All the time I was looking down into the valley to see whether there was anywhere suitable to camp. Before turning into the cwm, I thought I spotted a reasonable spot lower down. So I descended the slope, but the patch of green was decidedly boggy.
I decided that I would follow the river back down the valley to see whether there was a better spot in one of the river bends. I made the mistake of following the new river, rather than following the old river course. It was very boggy and the only two possible places were quite lumpy.
Frustrated, I sat down to have a spot of lunch. Over the ridge behind me, the clouds were thickening further, although I was still in sunshine. I didn’t hang around too long. On reaching what appeared to be the remains of a large bank, I made my way back to the track, past the ruins of some old buildings, possibly mine workings.
I decided the best course of action was to go back to Maeniera. As I neared the dam, it started to spot with rain, so I donned the waterproofs. As I put my pack on I discovered that one of the prongs of the hip belt buckle had broken. It was still usable but I would have to be careful.
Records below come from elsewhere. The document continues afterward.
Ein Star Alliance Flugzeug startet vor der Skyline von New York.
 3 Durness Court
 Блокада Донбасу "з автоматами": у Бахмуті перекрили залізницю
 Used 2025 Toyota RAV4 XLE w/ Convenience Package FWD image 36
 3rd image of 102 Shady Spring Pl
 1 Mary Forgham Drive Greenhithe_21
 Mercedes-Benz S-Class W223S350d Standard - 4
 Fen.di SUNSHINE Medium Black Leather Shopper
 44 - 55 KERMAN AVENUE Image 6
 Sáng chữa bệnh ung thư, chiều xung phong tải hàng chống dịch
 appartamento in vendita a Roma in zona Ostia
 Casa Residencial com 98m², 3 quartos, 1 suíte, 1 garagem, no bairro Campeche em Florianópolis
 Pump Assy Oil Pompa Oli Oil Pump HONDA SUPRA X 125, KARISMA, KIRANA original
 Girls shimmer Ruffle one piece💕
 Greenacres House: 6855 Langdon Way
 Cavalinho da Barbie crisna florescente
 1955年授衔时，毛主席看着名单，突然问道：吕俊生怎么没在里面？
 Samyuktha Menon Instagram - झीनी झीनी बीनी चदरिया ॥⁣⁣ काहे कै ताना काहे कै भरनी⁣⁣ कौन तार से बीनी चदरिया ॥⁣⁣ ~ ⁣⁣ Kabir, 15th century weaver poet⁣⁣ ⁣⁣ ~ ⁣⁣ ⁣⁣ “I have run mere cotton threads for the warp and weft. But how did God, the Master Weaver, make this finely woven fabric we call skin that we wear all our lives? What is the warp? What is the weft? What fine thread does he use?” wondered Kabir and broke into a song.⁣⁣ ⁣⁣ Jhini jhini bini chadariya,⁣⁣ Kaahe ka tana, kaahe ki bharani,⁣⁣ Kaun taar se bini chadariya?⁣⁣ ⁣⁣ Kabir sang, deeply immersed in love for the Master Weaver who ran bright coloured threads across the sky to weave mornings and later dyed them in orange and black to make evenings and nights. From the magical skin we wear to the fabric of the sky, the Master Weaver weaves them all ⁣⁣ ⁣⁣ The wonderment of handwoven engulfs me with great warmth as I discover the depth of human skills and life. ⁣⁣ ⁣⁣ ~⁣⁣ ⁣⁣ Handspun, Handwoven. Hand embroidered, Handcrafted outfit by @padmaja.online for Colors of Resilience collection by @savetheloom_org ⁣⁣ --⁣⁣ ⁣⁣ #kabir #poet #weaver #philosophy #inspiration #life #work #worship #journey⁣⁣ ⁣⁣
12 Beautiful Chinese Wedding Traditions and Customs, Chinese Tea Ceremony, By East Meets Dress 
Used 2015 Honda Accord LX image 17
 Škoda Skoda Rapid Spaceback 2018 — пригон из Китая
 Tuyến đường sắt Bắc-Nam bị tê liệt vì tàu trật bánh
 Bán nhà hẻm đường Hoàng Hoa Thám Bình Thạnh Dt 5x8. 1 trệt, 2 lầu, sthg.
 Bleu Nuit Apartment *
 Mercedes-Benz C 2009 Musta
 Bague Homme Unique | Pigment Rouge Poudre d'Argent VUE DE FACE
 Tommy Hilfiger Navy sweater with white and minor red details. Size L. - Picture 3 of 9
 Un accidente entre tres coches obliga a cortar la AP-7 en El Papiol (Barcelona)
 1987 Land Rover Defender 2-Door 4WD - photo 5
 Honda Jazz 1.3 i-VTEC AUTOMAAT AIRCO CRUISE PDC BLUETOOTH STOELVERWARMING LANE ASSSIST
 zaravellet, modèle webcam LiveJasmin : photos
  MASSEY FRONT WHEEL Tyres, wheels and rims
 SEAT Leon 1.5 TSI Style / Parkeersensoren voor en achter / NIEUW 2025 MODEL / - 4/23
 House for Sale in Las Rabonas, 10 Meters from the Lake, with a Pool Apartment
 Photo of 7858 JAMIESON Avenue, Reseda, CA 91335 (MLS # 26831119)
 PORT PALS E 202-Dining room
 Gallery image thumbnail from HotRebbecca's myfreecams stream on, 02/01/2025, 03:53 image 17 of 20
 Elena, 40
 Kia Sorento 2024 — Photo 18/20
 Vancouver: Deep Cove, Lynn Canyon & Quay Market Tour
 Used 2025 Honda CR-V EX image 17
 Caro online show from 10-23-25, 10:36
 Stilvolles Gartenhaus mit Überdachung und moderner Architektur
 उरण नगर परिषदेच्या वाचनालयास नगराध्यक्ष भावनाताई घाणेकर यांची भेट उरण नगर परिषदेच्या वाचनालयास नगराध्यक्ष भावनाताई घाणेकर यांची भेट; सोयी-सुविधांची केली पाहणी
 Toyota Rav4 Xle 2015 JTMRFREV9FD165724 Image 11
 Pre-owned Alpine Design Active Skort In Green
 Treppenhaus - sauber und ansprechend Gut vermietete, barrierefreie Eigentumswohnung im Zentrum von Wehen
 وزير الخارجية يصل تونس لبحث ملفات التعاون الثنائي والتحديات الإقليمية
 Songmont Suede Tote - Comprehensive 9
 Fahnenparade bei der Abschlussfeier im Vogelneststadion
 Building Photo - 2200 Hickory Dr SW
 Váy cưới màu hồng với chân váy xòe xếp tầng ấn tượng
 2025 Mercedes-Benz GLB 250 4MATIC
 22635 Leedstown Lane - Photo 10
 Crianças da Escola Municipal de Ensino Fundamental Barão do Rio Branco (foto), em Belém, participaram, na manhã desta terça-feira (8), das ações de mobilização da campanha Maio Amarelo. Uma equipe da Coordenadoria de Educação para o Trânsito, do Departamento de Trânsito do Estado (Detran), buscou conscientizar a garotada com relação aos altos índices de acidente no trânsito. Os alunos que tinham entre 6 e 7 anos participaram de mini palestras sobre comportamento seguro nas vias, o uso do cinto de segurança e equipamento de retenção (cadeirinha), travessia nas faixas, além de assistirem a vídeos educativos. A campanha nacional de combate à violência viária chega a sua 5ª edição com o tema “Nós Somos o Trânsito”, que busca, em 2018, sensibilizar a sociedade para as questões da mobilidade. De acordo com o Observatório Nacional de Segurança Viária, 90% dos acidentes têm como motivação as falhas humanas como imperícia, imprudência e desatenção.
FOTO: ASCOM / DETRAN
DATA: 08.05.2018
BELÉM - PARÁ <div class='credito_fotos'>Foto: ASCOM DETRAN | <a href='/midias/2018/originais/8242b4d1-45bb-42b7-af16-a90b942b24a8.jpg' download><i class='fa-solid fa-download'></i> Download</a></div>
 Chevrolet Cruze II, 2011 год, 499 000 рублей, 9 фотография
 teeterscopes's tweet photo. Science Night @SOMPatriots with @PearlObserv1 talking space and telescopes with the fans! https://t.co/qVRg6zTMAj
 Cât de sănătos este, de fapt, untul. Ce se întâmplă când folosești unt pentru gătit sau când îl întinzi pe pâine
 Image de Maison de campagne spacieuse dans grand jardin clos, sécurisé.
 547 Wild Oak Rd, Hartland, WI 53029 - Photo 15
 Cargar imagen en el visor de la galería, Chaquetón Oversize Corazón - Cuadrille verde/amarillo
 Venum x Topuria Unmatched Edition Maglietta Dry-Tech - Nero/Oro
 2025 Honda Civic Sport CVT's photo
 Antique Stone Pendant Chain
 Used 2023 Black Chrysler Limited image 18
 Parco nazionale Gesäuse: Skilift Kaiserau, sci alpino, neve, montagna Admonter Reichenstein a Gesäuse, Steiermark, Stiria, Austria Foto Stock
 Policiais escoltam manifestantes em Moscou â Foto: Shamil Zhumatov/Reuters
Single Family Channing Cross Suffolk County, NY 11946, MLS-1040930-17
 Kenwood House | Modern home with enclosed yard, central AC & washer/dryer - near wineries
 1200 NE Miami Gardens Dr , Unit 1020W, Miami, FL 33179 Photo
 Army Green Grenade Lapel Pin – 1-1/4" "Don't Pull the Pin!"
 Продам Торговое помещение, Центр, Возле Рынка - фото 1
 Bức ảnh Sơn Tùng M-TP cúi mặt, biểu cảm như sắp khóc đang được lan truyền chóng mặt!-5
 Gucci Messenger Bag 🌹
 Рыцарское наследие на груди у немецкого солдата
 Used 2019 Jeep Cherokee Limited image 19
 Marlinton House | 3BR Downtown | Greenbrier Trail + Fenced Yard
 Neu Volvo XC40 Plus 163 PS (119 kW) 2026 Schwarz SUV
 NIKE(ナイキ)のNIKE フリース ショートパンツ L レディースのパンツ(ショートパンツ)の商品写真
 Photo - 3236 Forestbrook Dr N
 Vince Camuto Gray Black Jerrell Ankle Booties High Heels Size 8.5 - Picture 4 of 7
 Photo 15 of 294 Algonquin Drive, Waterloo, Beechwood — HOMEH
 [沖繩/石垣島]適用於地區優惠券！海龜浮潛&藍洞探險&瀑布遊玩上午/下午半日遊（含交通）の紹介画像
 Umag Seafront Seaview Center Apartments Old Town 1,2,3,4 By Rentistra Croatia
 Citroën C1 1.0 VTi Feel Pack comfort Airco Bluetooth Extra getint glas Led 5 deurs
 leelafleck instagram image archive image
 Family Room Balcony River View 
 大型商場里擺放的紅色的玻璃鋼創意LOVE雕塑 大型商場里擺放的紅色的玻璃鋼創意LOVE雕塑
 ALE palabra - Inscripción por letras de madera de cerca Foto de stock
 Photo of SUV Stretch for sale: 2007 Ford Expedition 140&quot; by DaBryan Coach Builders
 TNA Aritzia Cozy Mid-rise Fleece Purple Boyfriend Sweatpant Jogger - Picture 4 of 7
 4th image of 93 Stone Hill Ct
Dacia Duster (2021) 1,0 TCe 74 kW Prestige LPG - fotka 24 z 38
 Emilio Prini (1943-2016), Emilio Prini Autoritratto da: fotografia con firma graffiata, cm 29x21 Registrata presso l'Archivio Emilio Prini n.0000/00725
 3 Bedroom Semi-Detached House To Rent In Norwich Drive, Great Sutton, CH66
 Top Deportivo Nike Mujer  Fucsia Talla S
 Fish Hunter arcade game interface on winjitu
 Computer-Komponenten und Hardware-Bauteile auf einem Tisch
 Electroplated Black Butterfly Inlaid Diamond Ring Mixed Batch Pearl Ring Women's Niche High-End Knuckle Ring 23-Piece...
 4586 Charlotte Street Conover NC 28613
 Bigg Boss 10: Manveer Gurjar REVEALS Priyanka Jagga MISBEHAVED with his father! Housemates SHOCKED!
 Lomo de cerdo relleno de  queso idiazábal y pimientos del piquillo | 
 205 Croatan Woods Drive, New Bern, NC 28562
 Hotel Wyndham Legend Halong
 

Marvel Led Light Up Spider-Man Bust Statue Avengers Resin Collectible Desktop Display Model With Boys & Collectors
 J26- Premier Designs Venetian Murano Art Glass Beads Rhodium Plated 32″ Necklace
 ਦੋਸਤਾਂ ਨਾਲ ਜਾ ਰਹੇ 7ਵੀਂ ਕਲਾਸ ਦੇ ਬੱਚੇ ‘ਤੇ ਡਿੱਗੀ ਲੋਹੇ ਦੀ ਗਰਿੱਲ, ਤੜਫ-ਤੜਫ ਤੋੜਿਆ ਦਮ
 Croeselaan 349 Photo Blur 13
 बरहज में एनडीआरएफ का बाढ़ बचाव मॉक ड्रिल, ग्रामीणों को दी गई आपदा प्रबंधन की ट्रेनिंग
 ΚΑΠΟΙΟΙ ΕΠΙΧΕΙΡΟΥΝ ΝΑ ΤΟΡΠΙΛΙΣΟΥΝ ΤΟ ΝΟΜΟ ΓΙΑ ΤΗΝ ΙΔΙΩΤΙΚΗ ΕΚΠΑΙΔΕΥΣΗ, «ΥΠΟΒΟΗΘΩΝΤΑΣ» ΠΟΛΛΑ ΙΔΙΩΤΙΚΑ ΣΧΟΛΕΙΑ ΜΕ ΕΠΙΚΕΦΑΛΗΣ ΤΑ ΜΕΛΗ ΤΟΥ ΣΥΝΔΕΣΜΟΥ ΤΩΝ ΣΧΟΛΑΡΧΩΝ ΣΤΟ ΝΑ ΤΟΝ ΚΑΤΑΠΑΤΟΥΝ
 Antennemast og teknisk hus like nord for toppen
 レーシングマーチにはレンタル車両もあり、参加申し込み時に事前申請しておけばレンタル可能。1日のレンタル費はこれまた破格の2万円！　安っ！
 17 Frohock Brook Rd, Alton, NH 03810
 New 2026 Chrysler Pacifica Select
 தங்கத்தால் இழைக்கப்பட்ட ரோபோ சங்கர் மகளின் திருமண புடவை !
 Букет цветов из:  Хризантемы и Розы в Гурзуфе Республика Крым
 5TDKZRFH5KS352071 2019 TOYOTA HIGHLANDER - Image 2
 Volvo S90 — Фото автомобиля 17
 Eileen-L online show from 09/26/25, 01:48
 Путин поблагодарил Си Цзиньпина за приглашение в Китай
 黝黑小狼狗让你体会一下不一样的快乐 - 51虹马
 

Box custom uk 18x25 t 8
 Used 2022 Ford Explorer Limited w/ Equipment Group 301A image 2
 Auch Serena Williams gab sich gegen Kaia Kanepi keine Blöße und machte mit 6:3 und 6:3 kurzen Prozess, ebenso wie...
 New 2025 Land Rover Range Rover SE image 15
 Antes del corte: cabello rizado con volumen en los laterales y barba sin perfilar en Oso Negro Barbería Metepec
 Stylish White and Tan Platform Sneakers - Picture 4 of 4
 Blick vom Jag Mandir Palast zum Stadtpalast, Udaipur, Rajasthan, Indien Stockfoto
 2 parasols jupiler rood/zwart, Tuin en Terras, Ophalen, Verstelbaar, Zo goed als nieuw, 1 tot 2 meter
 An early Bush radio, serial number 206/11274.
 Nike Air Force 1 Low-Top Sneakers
Fortunately it didn’t rain too hard, although it became more persistent as I neared Maeniera. I decided to pitch in the same place as the previous night. One of the beauties of the Duomid is the fly is huge so it can be pitched and the rucksack can be put under cover while putting up the inner. Just as I got under cover it started to rain appreciably harder, so I was glad that I had decided to return when I did.
After about an hour the rain eased and the sun came out. As it was only mid afternoon so I decided to have a little wander over to the abandoned house a bit further down the valley, partly out of curiosity and partly to see whether it might be possible to pitch there. It only took about ten minutes to get there. Disappointingly there was no flat ground. I returned to base and lounged around for a bit.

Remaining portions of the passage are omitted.